Peak Shaving Algorithm
A control logic that dispatches battery energy storage to discharge during periods of highest site load, thereby reducing the maximum demand charge levied by the utility. The algorithm analyzes historical load profiles and real-time meter data to predict the optimal discharge window. Key characteristics include:
- Target: Minimize the highest 15-minute interval kW reading in a billing cycle
- Method: Forecasts load spikes using regression models and pre-charges the battery from solar or off-peak grid power
- Result: Can reduce demand charges by 30-70% for commercial and industrial customers
Time-of-Use (TOU) Rate Arbitrage
The strategy of charging a battery energy storage system during low-price off-peak periods and discharging it during high-price on-peak periods to capture the energy cost differential. This exploits the temporal spread in volumetric energy rates. The optimization engine must account for:
- Round-trip efficiency losses (typically 85-95%)

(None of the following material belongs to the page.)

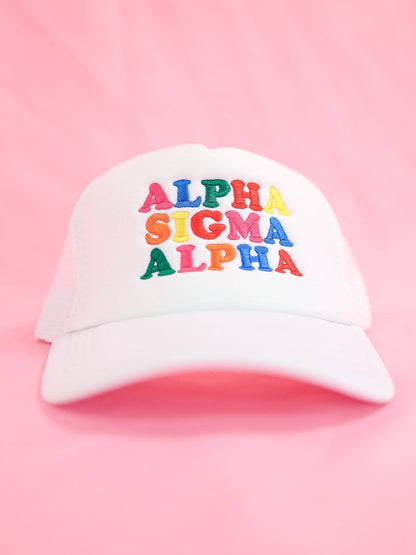 Sorority Fun Times Trucker Hat: ALPHA OMICRON PI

- Battery degradation costs per cycle
- Solar generation forecasts to avoid charging when PV is abundant
- Dynamic tariff structures with seasonal and hourly variations
Smart Inverter Control
The autonomous adjustment of a distributed energy resource's real and reactive power output based on local voltage and frequency measurements. Modern smart inverters certified under UL 1741 SB execute mandatory grid-support functions including:
- Volt-VAR mode: Absorbs reactive power when voltage is high, injects when low
- Frequency-Watt mode: Reduces active power output as grid frequency rises above nominal
- Volt-Watt mode: Curbs active power export when local voltage exceeds a threshold
- Ramp rate controls: Limits the rate of power change to prevent voltage flicker
Customer Baseline Load (CBL) Calculation
A statistical methodology that estimates what a customer's energy consumption would have been without a demand response event, used to calculate incentive payments. Common methods include:
- 10-of-10 Baseline: Averages the 10 highest usage days from the prior 10 non-event days
- Matching Day Baseline: Uses consumption from the most recent comparable day with similar weather and occupancy
- Regression-Based Baseline: Fits a model using temperature, time-of-day, and day-type variables Accurate CBLs are critical for performance-based compensation in virtual power plant programs.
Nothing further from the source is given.